Boomer architect’s own home goes against grain

LONDON: Boomers are increasingly seeking individuality in housing design and ignoring congregate care and group homes.

When architect Joe Lyth set out to build a green home for his family on a tight budget, he wasn’t just thinking about triple glazing and insulating beyond code.

He also wanted to minimise the build’s carbon cost.

Building a super energy-efficient home is a great way to reduce your carbon footprint, but to really look after the planet, we need to also take stock of the materials used and the way a house is built.

The main culprits in adding to embodied carbon? Concrete, steel, building site waste, and the huge size of houses we’re building.

“We didn’t calculate embodied carbon, but we did consider it,” says Lyth.

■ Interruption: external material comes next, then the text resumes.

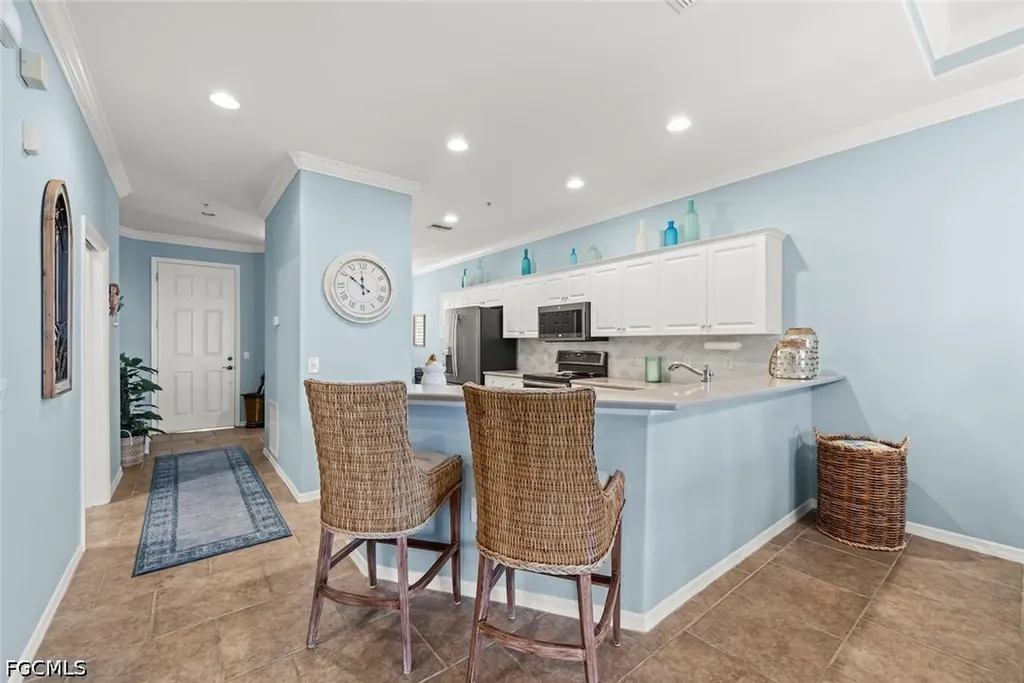 20071 Sanibel View Circle Fort Myers FL 33908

“We didn’t want to use a concrete slab because it’s high carbon and hard to insulate, so instead we have a suspended timber floor on (wooden) piles. The piles are embedded in smaller amounts of concrete.”

“Our walls and roof are SIP (structual insulated panels) so they are prefab – like an ice cream sandwich with expanded polystyrene in the middle and strandboard on either side. The interior is clad in plywood, rather than plasterboard.

“We used totara from a friend’s farm up north for window surrounds and so on.”

The Lyths also built smaller than most New Zealand new builds.

They originally planned a 100sqm single storey house, but to obtain finance, they needed a higher floor area, so they built into the roof void – which had been a longer-term plan – to give a total floor area of 169sqm.

Lyth says the house, in Tahekeroa, north Auckland, which they moved into in May, feels plenty big enough for him, his wife Sarah and their two girls, aged one and three (with another baby due). It’s filled with beautiful touches, like the stunning copper splashbacks.

Lyth opened the family home to the public during August’s national Superhome Movement Tour. He was motivated to share the project to “prove that healthy homes don’t have to be more expensive”.

New Zealand Green Building Council (NZGBC) chief executive Andrew Eagles says it’s only recently that the building sector has started being concerned with the carbon emissions of building materials.

The council’s own research from 2019 showed buildings contribute up to 20 per cent of New Zealand’s carbon emissions. Half comes from their operations – that’s the stuff we usually think of as using carbon, such as heating or lighting them.

The other half is their “embodied carbon” – emissions associated with materials and the construction process.

He says steel and concrete together contribute more than 50 perThe goo cent of New Zealand’s home-building carbon footprint.

Timber framing is the next biggest contributor, followed by paint, aluminium and plasterboard.

At the consumer level, Eagles says people building homes can change the materials they use, to reduce their impact.

“The main way is move away from concrete and steel towards wood. Twenty, 30, 50 years ago, steel was stronger [than wood] but not with the products available now – when you band timber together in really tight banding, such as CLT (cross-laminated timber).”

Building smaller houses would also help, Eagles says.

“We’re in the top four countries internationally for size of house. We don’t need all that space. It’s more expensive to build, hard to heat, and bad for embodied carbon.”

He says even 30 years ago New Zealanders built smaller homes, but the trend has been to go large.

Architect Fiona Short, Lead of sustainability at Warren and Mahoney, says “embodied carbon” is a strong focus at the moment, because of the urgent need to reduce our carbon emissions.

“There’s definitely a groundswell of people becoming aware of the impact their own choices make, where they live, where they work, how they move around.

“It’s good to be able to help provide a pathway. They can have the vision, but we can show them the way.”

She agrees there is a need to reduce steel and concrete, use wood well, and to use glass sensibly (“where you’ll get sun to warm the house but reducing the size on the south side of the house, for example”), and to do things such as specifying lower-carbon concrete.

“You can look at the whole equation. You might need to use some steel, but you can also see where there’s an opportunity to use timber that has a negative-value carbon – replanted sustainably grown forests.”

MBIE, the Ministry of Business, Innovation and Employment, is taking a hard look at embodied carbon, so that New Zealand can meet the Climate Change Commission’s advice.

MBIE principal advisor for engineering, Katie Symons, who is leading the Building for Climate Change programme, says 75 per cent of submitters supported a framework proposed last year to measure embodied carbon, with the medium-term plan being to cap allowable embodied carbon.

“The point of making it a requirement to calculate your embodied carbon is saying to the market: We’re leaving it up to you to find cost-effective ways of reducing those.”